Re: 'Faithful Citizenship' Gives Catholics a Chance to Seek the Common Good
Wow, I didn't remember posting this, and am only now returning (months later!) to see the replies. Since the election is over, it's probably no longer relevant to many people.
However, something I heard recently makes it relevant to me. Apparently, some GOP leaders are saying the GOP should back off a litte from its hard stance on abortion and homosexual marriage.
What I'm about to say, I thought about before re-visiting this thread, but I think it is an apt reply to the guy who posted that I was only disappointed that it didn't say "don't vote for Obama", and for the one who posted that GOP'ers don't hold the Truth like they think they do.

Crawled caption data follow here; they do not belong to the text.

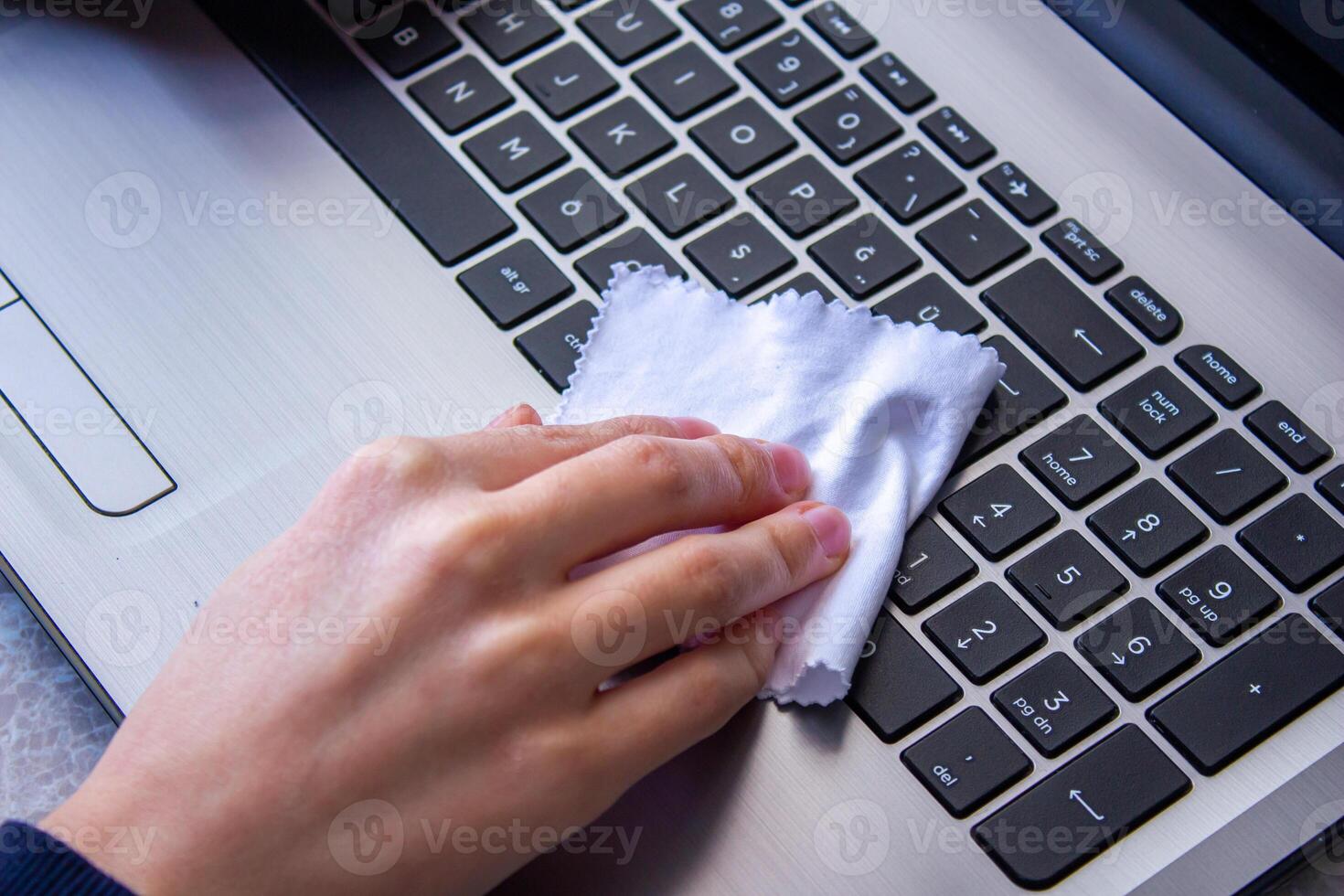 A person cleaning a laptop keyboard with a cloth photo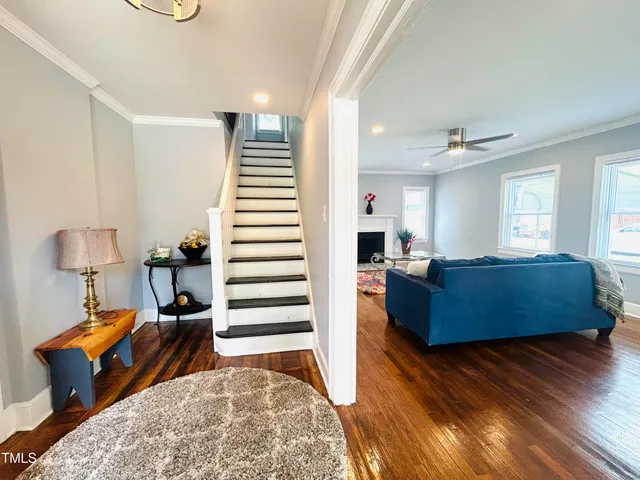 a living room with furniture and a wooden floor
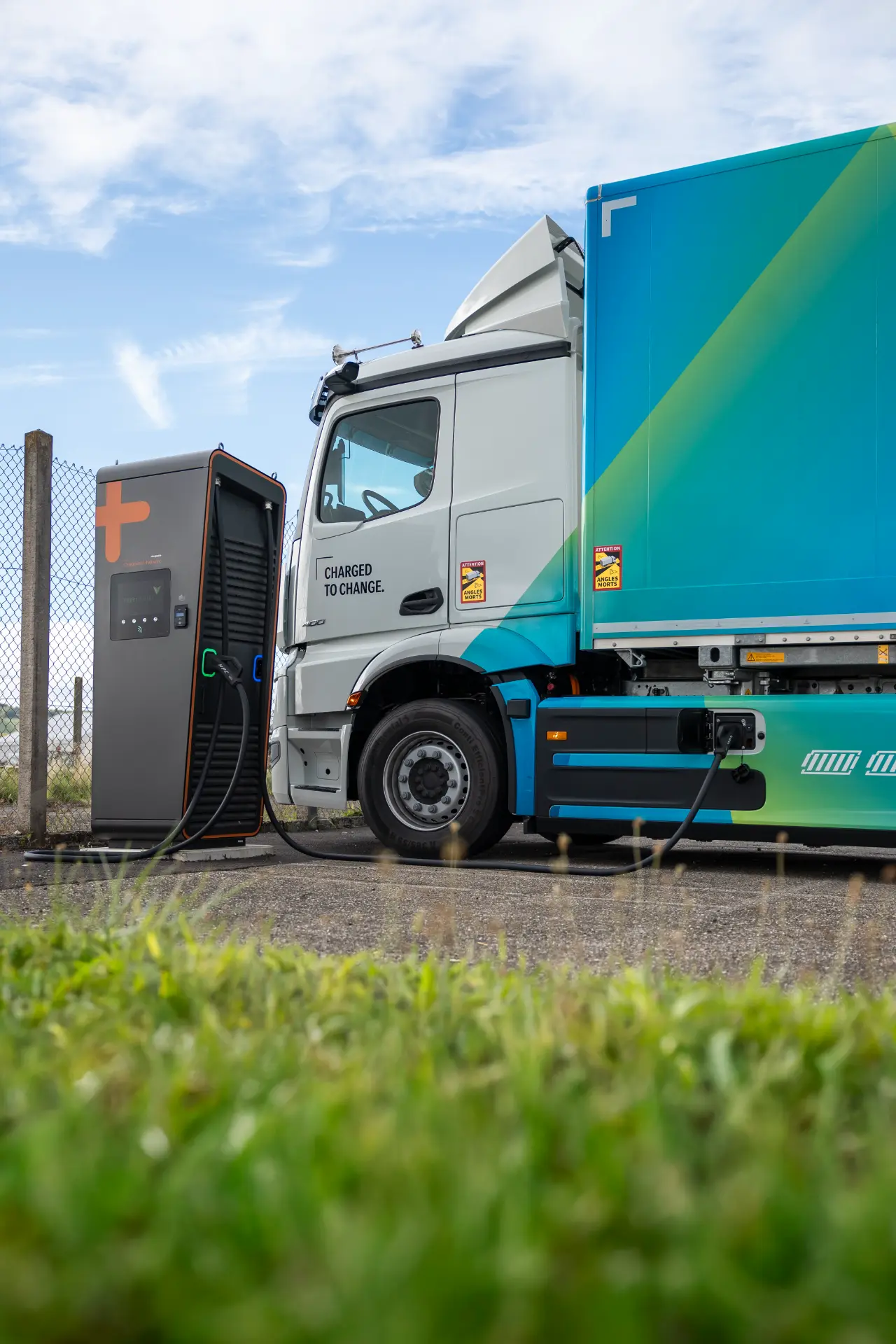 Un camión eléctrico eActros 600 se carga en una estación de carretera en un día despejado, mostrando la innovadora tecnología de la serie ProCabin de Mercedes.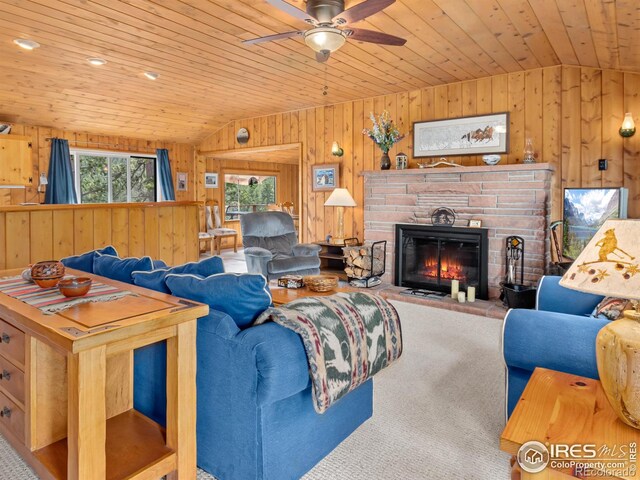 839 Ski Rd, Allenspark, CO 80510 - carpeted living room with lofted ceiling, wooden walls, ceiling fan, wooden ceiling, and a glass covered fireplace
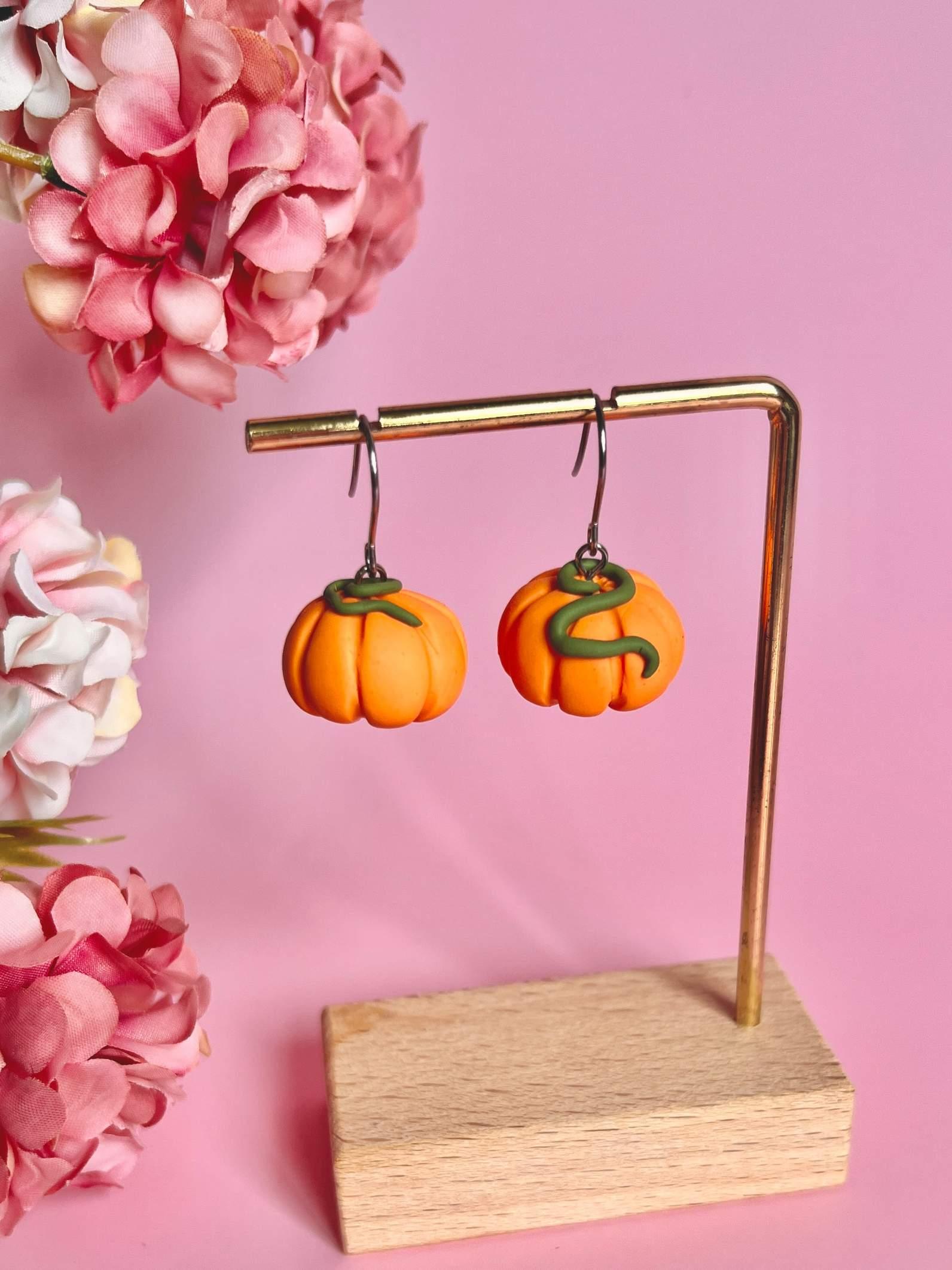 The Pumpkin Polymer Clay Earrings, featuring a distinctive mini pumpkin design, are displayed on a gold stand with a wooden base. These handmade earrings are set against a pink backdrop embellished with clusters of pink flowers on either side.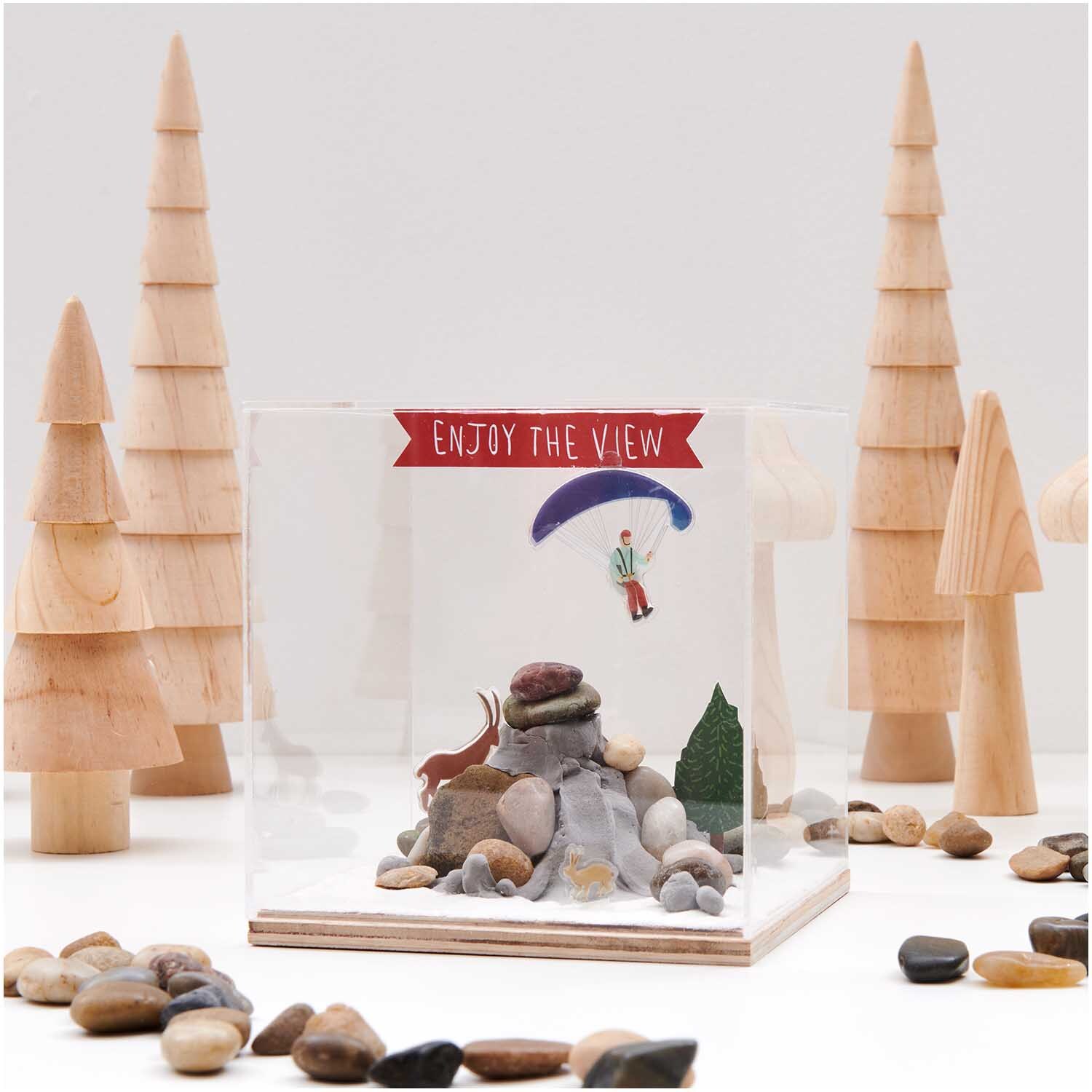 Figurico Modelliermasse 28g Farbe Grau von Rico Design Figurico Modelliermasse 28g: Diorama mit Holzfiguren, Steinen und einem Paraglider in einer klaren Box.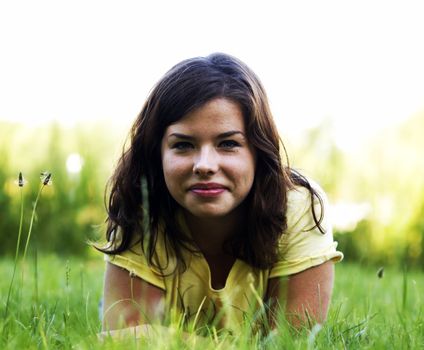 Pretty smiling girl relaxing outdoor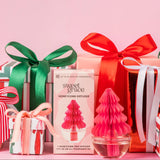 Sweet Grace honeycomb tree diffuser with wrapped gifts on a pink background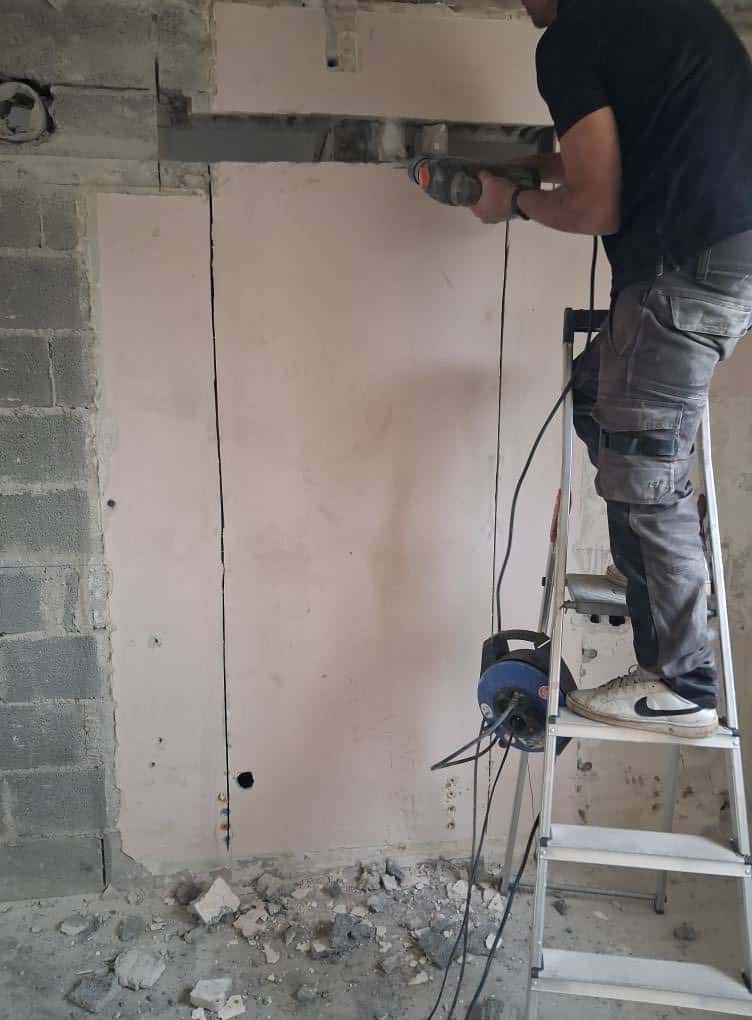 Ouvrier sur un escabeau démolissant un mur intérieur avec un perforateur dans une pièce en rénovation.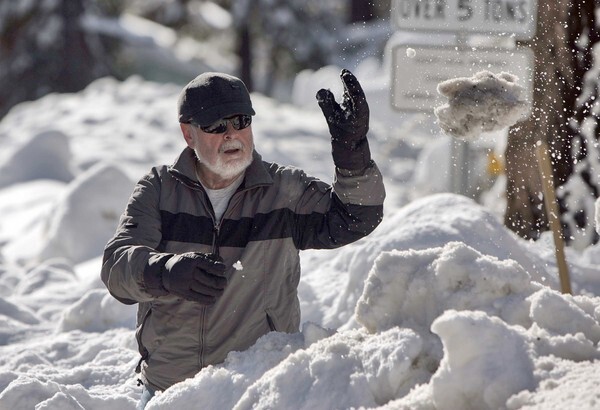 Keith Perkins clears waist-deep snow from his driveway in Wrightwood.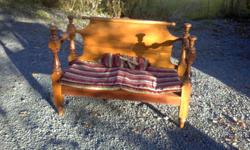 Antique Wood Bench
 
Antique Wood Bench constructed with the Head/Base boards of an antique bed.....the richness of the wood and detailing is beautiful. Comes with a striped cushion. The dimensions are: 22 inches deep x 38 inches high x 50 inches long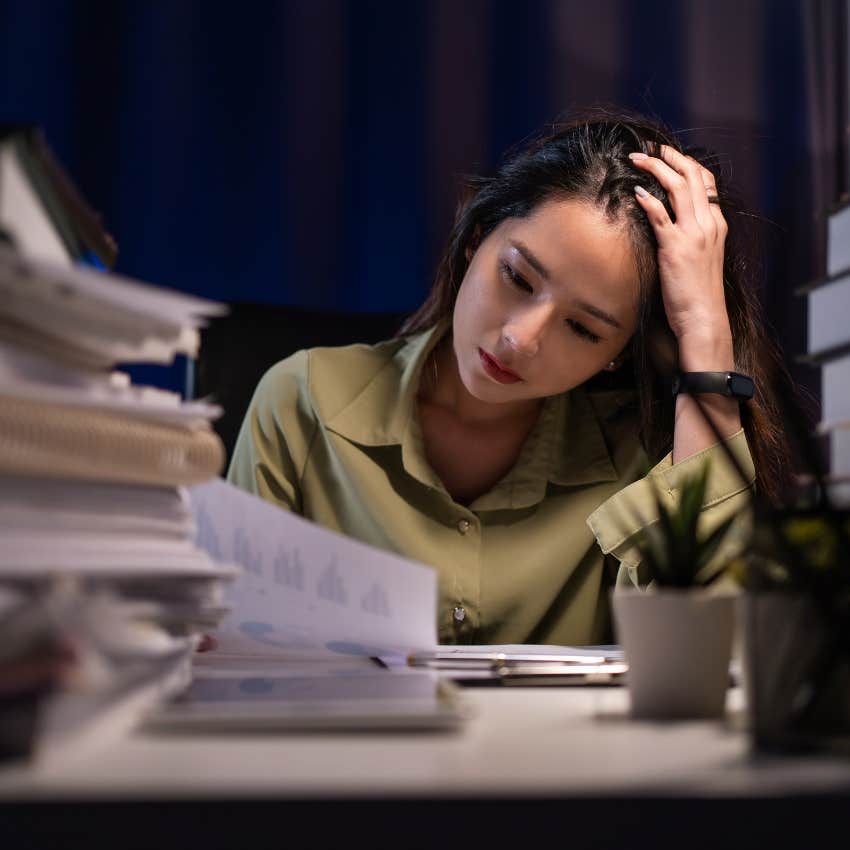 woman working hard because she thinks her work has to be perfect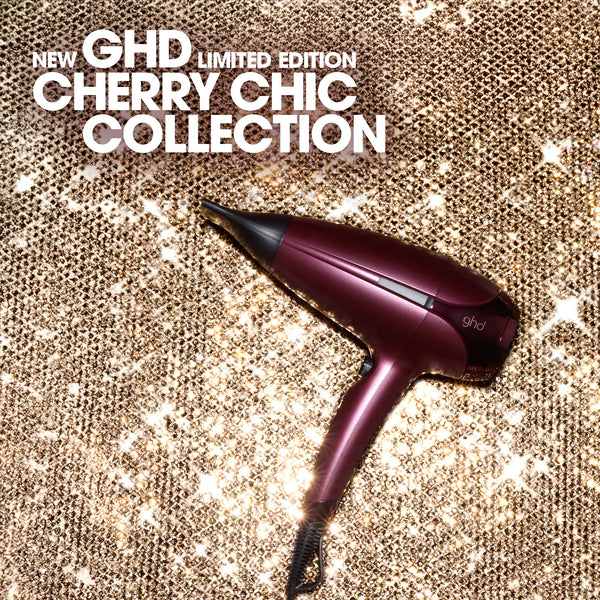 GHD hair dryer with 'New GHD Limited Edition Cherry Chic Collection' text on a glittery background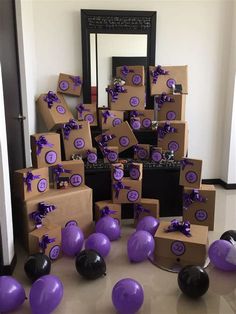 purple and black balloons are on the floor next to boxes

Here goes, and please recognize that it makes me uncomfortable saying it, so I'm hoping for some thoughful advice. Essentially, if the GOP takes its stance against abortion out of its platform, then my vote might be swayed for either party in any given election.
Yes, I'm a fiscal conservative, too, but it seems like both parties, once they get into office, are prone to spend, spend, spend. The Republicans talk a much better game on fiscal conservatism, but I was extremely disappointed in the Bush-era bailouts (I loved Bush's pro-life stances, but he seemed to lean progressive in the fiscal arena).
So, yes, at the time, I wished the Faithful Citizenship document was more clearly anti-Obama. Bu that was primarily because of his pro-abortion policies and other social policies that disagreed with Church teaching. Unfortunately, come next election, the game may have changed. I pray it doesn't.